Sandisk – Sansa Fuze (2) (Mobile / Handheld)
You might say this is an odd one to include. The Fuze is/was an MP3 / media player device by Sandisk, emulation of it would serve little practical purpose. I guess I’m listing it for sentimental value as much as anything else, I liked these players so much I bought 2 of them at the time. They had everything I needed, good size internal capacity, MicroSDHC memory card socket to expand the capacity further with seamless integration of the two, a decent basic firmware but most importantly the ability to install Rockbox for many more advanced features and gapless playback across any format you could imagine. They also worked as basic storage devices, you didn’t have to go through any kind of iTunes garbage to get your songs on and off, they simply appeared as 2 drives. The battery life was also great even after 5+ years of use, the screen was also excellent, and the dial control absolutely perfect and most importantly I could have no complaints about the sound quality. Sadly one died about a year back when it was dropped on the floor and stepped on, and the other I lost a few weeks back on a night out. Actually shopping around for replacements has been a pain, everything on the market right now seems to fail one of my ‘essential’ checkboxes, I wish they still made these things just with a bigger internal capacity and Rockbox by default, I know I’d buy one!

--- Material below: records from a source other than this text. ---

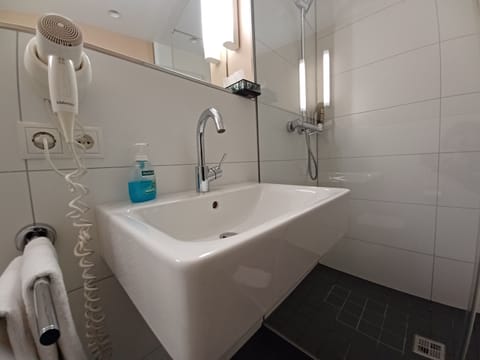 Shower, free toiletries, hair dryer, slippers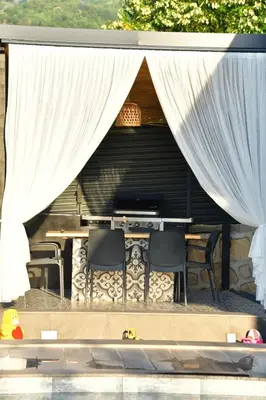 a room with a table and chairs and curtains at Rubyy Resort Luxury Stone Villa with Private Pool in Kartepe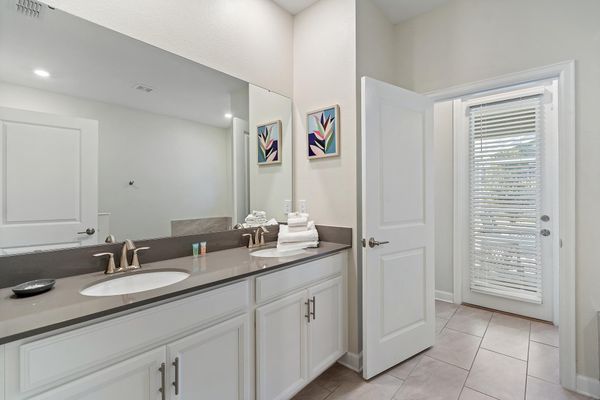 Master King Bathroom 1 Downstairs / Door to Pool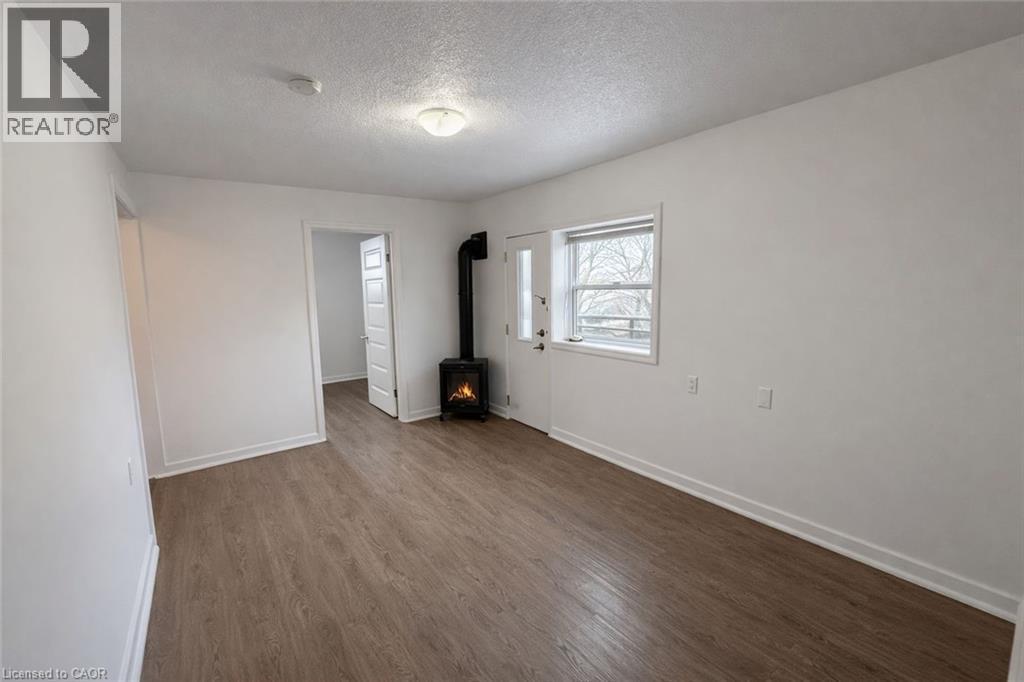 Unfurnished bedroom with a walk in closet, dark wood finished floors, a textured ceiling, and a wood stove - 46 College Street, Kitchener, ON - Indoor Photo Showing Other Room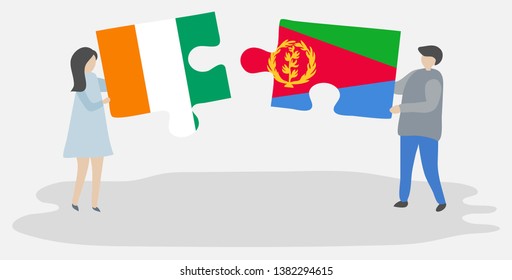 Couple holding two puzzles pieces with Ivorian and Eritrean flags. Ivory Coast and Eritrea national symbols together.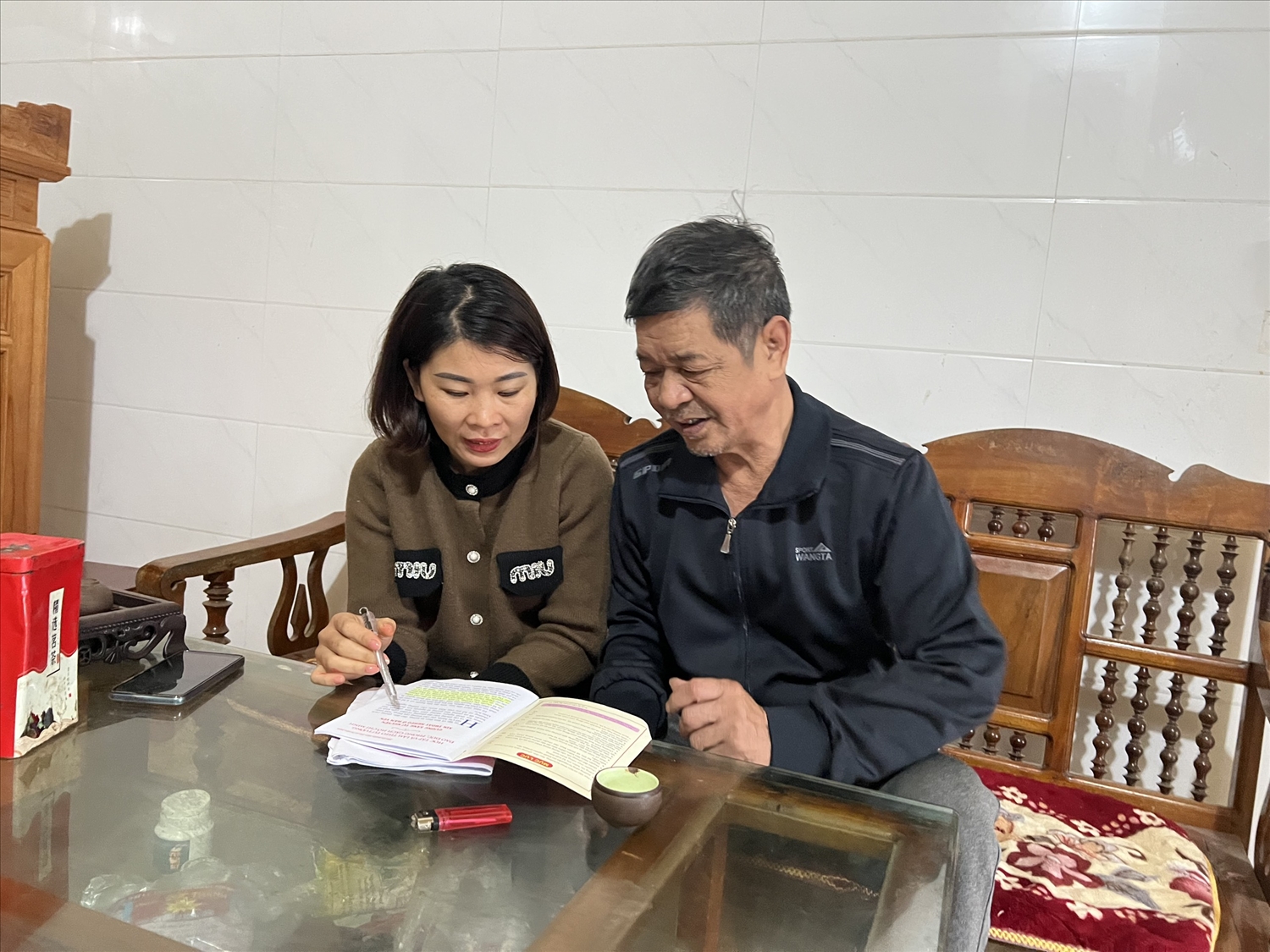 Ông Trần Văn Thiên, thôn Tân Hùng, xã Hùng Đức, huyện Hàm Yên được cán bộ xã hỗ trợ viết đơn xin thoát khỏi hộ nghèo.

That’s an aside anyway, it would probably also run like crap in MESS because I believe it actually has a very fast ARM processor (embedded in a SoC solution) in there, but still, would be kinda cool to see it running both the original firmware and Rockbox in MESS, there were ports of Doom and even a Pacman emulator running under Rockbox. I guess emulating it would serve to show that MESS is interested in things outside of the traditional home systems and handhelds too, which is always a good message to get across.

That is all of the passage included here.